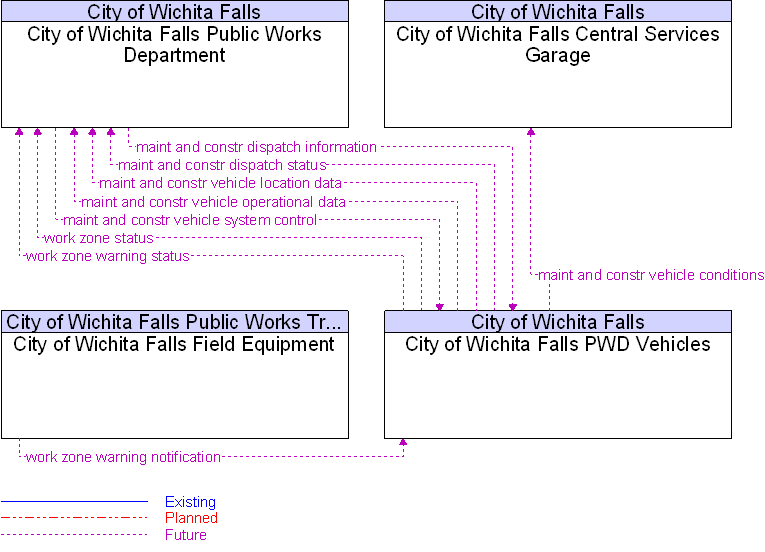 Context Diagram for City of Wichita Falls PWD Vehicles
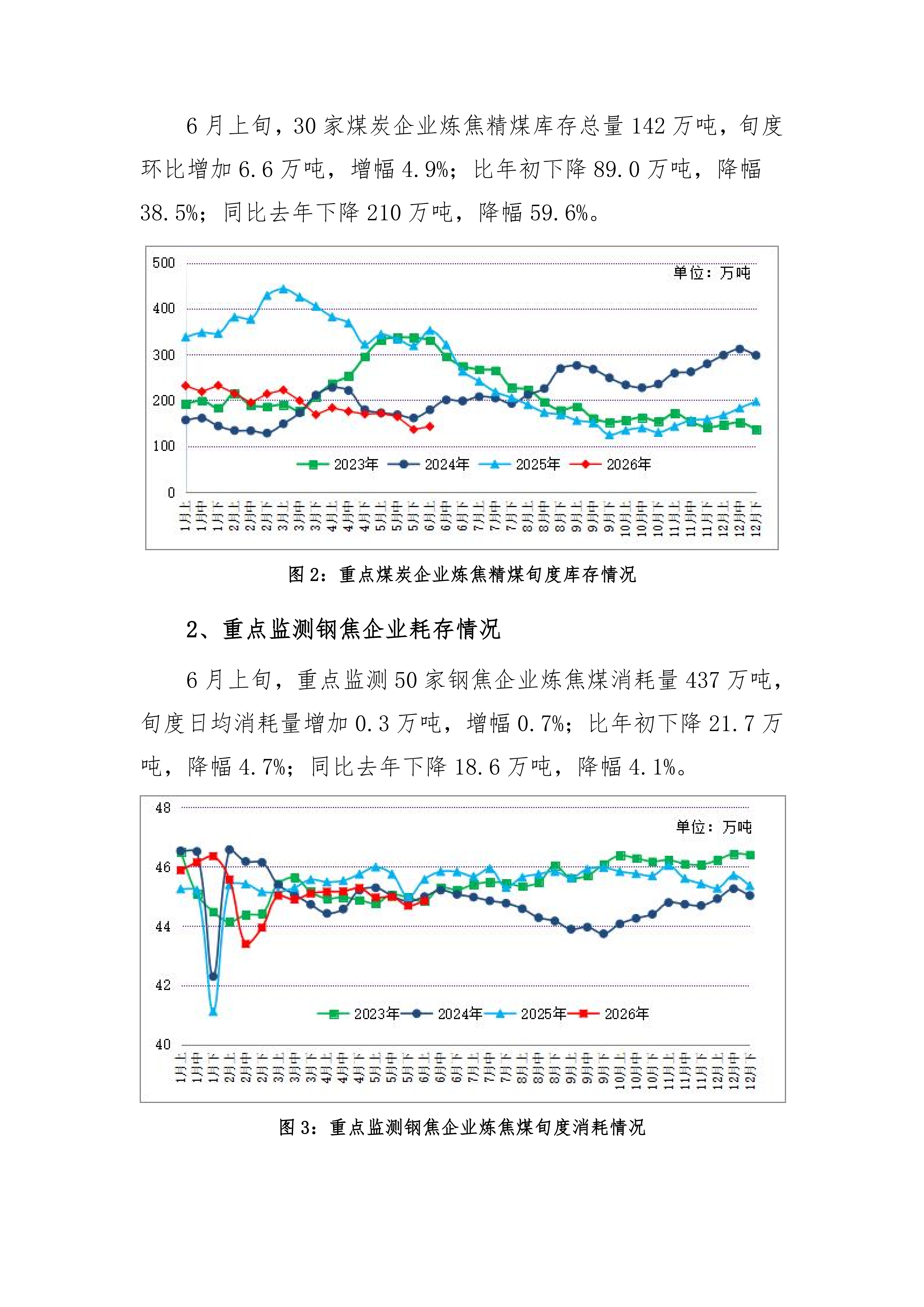 炼焦煤市场运行旬报 (2026年5月中旬）_03.png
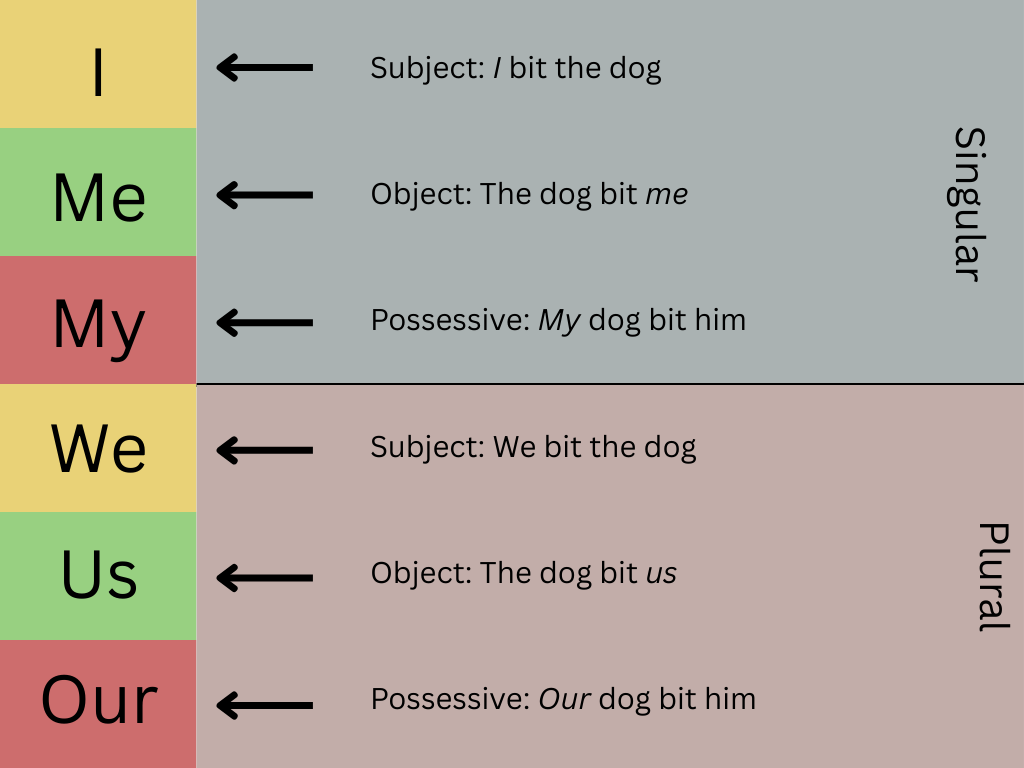 Pronoun Inflections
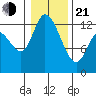 Shelton tide chart for Tuesday, January 21, 2025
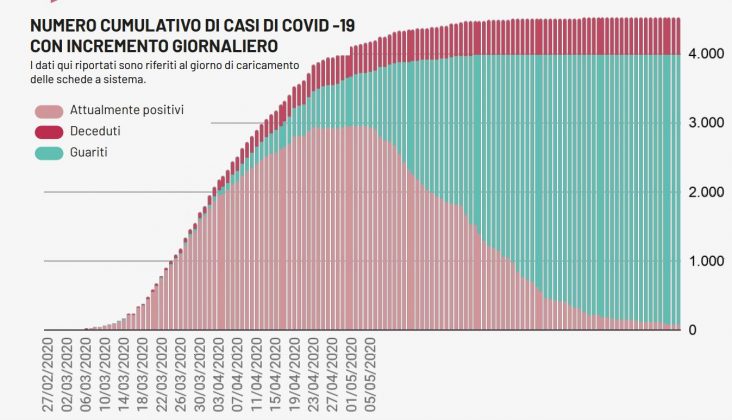 Covid, in Puglia migliaia di tamponi e nessun positivo: il turista lombardo sta bene, presto dimesso dal Perrino - Corriere Salentino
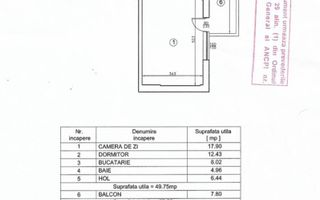 2 camere Ozana I Loc parcare I Boxa - Poză 11
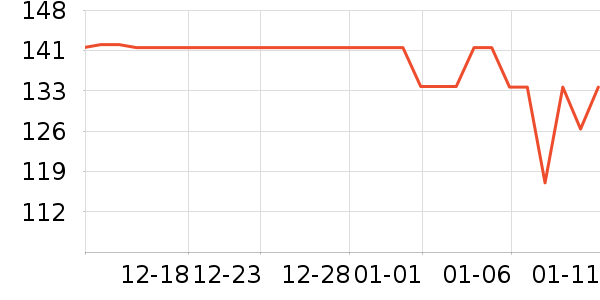 ��������������ʷ�۸�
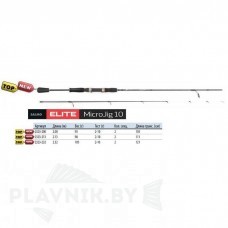 Спиннинг Salmo Elite MICRO JIG LE тест 2-10г, 2.13м
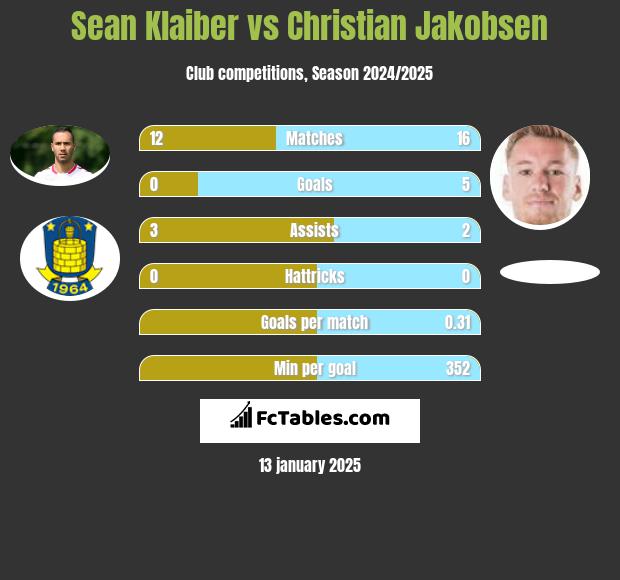 Sean Klaiber vs Christian Jakobsen h2h player stats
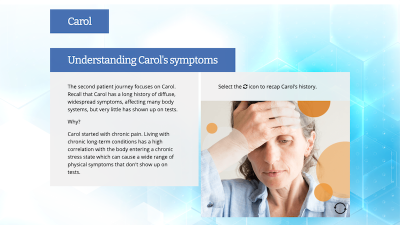 ELFH - PPS Carol symptoms v1 carousel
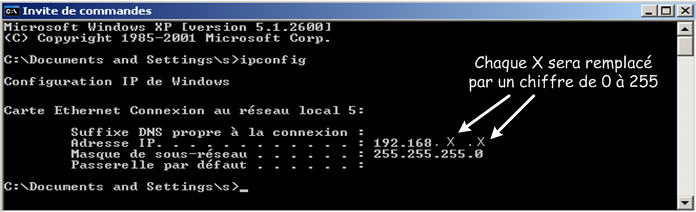 A l'aide de la commande MS-DOS (invité de commande) on vérifie le paramétrage du réseau avec la commande : ipconfig MS-DOS, Invité de commande pour vérifier le paramétrage réseau à l'aide de la commande ipconfig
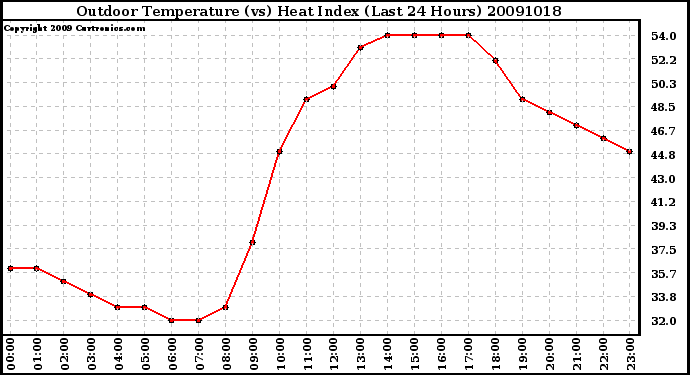 Milwaukee Weather Outdoor Temperature (vs) Heat Index (Last 24 Hours)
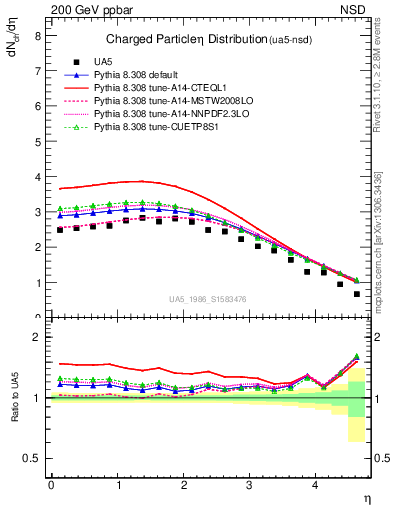 Plot of eta in 200 GeV ppbar collisions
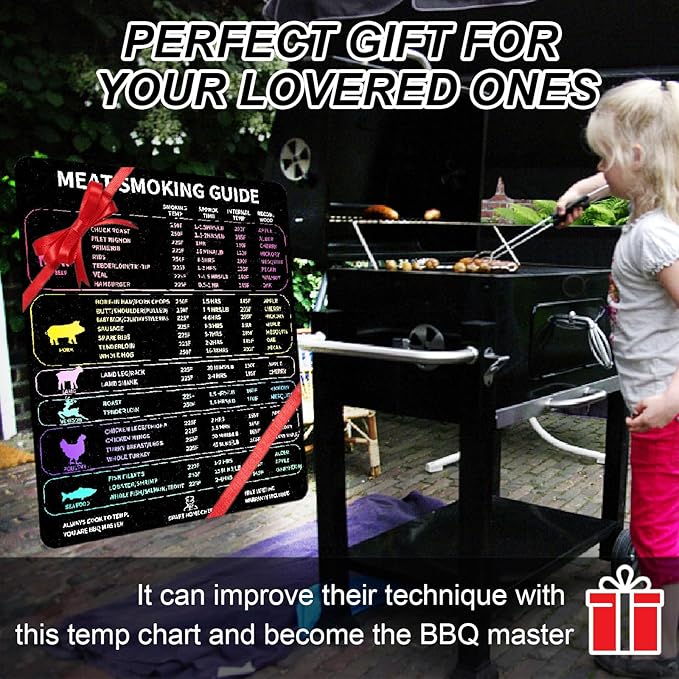 Meat Smoker Guide Premium Smoker Accessories for Grilling & Smoking Meats Including Wood Type Cook Time, Waterproof Magnet Sheet for Quick Reference，Grilling Gifts for Men
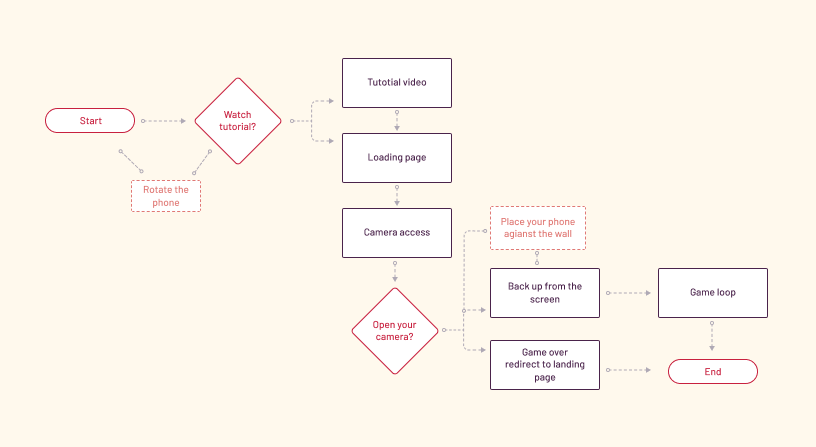 userflow.png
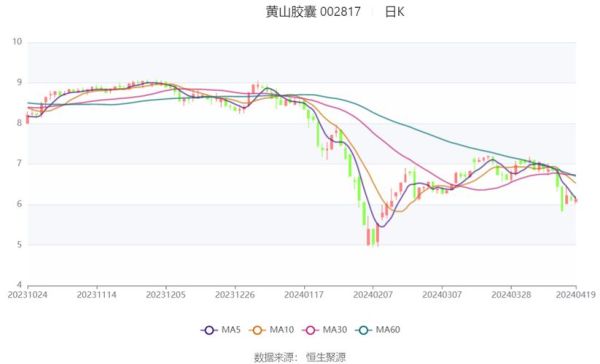 黄山胶囊股票怎么样_黄山胶囊股票值得长期持有吗-第2张图片-俊逸知识馆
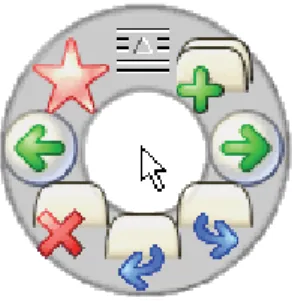 Figure 1.4 Un menu circulaire, une sorte de menu contextuel, tiré de Wikipedia (2011).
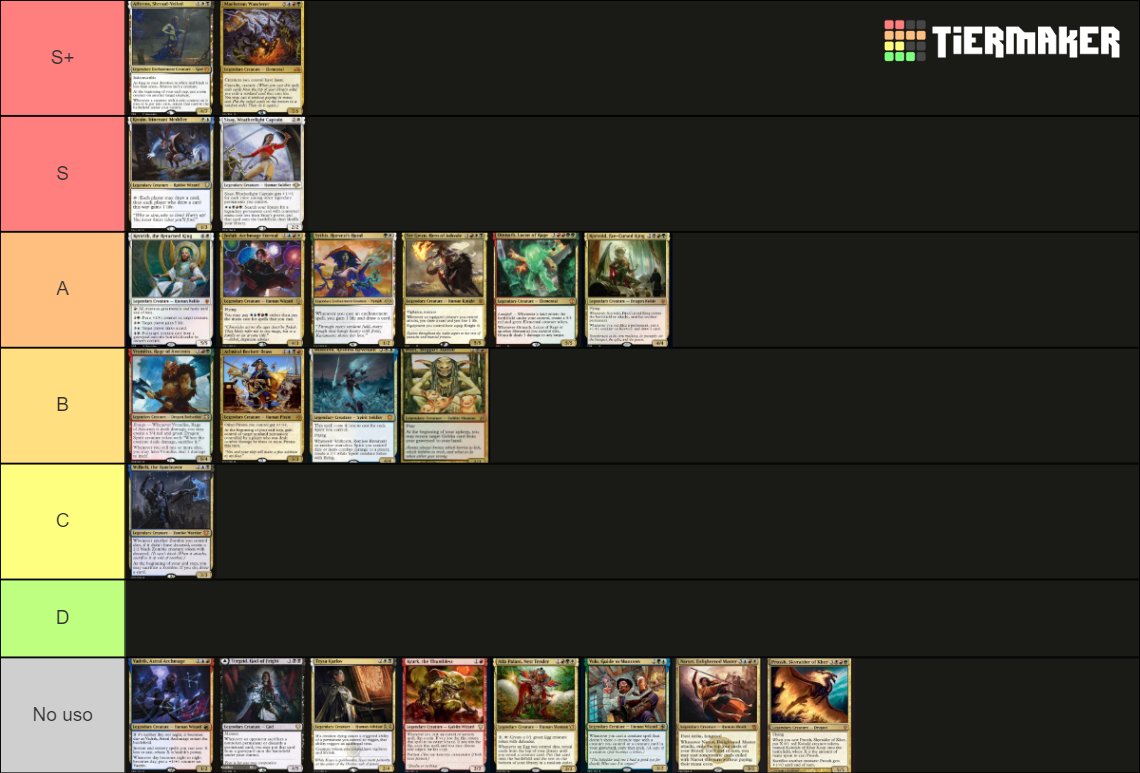 Commander de pachangueo tier decks Tier List Rankings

##############################

Without the pictures, copy all of the entries exactly as they appear.

Result of this task:
 Context Diagram for City of Wichita Falls PWD Vehicles
 炼焦煤市场运行旬报 (2026年5月中旬）_03.png
 Pronoun Inflections
 Shelton tide chart for Tuesday, January 21, 2025
 Covid, in Puglia migliaia di tamponi e nessun positivo: il turista lombardo sta bene, presto dimesso dal Perrino - Corriere Salentino
 2 camere Ozana I Loc parcare I Boxa - Poză 11
 ��������������ʷ�۸�
 Спиннинг Salmo Elite MICRO JIG LE тест 2-10г, 2.13м
 Sean Klaiber vs Christian Jakobsen h2h player stats
 ELFH - PPS Carol symptoms v1 carousel
 A l'aide de la commande MS-DOS (invité de commande) on vérifie le paramétrage du réseau avec la commande : ipconfig MS-DOS, Invité de commande pour vérifier le paramétrage réseau à l'aide de la commande ipconfig
 Milwaukee Weather Outdoor Temperature (vs) Heat Index (Last 24 Hours)
 Plot of eta in 200 GeV ppbar collisions
 Meat Smoker Guide Premium Smoker Accessories for Grilling & Smoking Meats Including Wood Type Cook Time, Waterproof Magnet Sheet for Quick Reference，Grilling Gifts for Men
 userflow.png
 黄山胶囊股票怎么样_黄山胶囊股票值得长期持有吗-第2张图片-俊逸知识馆
 Figure 1.4 Un menu circulaire, une sorte de menu contextuel, tiré de Wikipedia (2011).
 Commander de pachangueo tier decks Tier List Rankings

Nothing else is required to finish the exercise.